Task goal:
Produce exactly the lines starting at the one containing "VOLVO-XC40-2020" and ending at the last line of the material, with nothing added.

Dataset records:

-*-*-

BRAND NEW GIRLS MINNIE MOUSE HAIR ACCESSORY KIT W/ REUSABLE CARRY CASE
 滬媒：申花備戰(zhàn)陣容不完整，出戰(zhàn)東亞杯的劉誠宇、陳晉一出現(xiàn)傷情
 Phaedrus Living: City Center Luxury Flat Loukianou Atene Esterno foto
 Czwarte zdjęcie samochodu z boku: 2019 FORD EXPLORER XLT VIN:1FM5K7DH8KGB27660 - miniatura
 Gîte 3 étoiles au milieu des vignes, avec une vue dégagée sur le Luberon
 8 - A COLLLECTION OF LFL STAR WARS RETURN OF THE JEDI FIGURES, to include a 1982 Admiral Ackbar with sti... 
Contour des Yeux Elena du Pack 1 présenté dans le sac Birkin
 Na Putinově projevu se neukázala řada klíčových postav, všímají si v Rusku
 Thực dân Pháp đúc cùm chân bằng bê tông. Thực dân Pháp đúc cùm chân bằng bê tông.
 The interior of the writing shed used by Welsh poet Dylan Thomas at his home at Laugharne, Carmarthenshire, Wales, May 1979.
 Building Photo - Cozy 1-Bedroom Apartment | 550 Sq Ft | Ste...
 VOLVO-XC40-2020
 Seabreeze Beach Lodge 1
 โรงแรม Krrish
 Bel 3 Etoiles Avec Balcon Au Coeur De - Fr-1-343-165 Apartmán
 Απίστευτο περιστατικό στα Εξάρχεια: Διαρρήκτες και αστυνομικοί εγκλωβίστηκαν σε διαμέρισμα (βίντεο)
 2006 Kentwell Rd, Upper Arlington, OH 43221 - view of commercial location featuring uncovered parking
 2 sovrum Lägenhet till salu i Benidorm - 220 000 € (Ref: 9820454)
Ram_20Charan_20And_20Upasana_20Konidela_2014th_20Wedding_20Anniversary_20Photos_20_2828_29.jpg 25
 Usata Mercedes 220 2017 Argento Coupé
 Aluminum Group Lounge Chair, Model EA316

-*-*-

Task response:
 VOLVO-XC40-2020
 Seabreeze Beach Lodge 1
 โรงแรม Krrish
 Bel 3 Etoiles Avec Balcon Au Coeur De - Fr-1-343-165 Apartmán
 Απίστευτο περιστατικό στα Εξάρχεια: Διαρρήκτες και αστυνομικοί εγκλωβίστηκαν σε διαμέρισμα (βίντεο)
 2006 Kentwell Rd, Upper Arlington, OH 43221 - view of commercial location featuring uncovered parking
 2 sovrum Lägenhet till salu i Benidorm - 220 000 € (Ref: 9820454)
Ram_20Charan_20And_20Upasana_20Konidela_2014th_20Wedding_20Anniversary_20Photos_20_2828_29.jpg 25
 Usata Mercedes 220 2017 Argento Coupé
 Aluminum Group Lounge Chair, Model EA316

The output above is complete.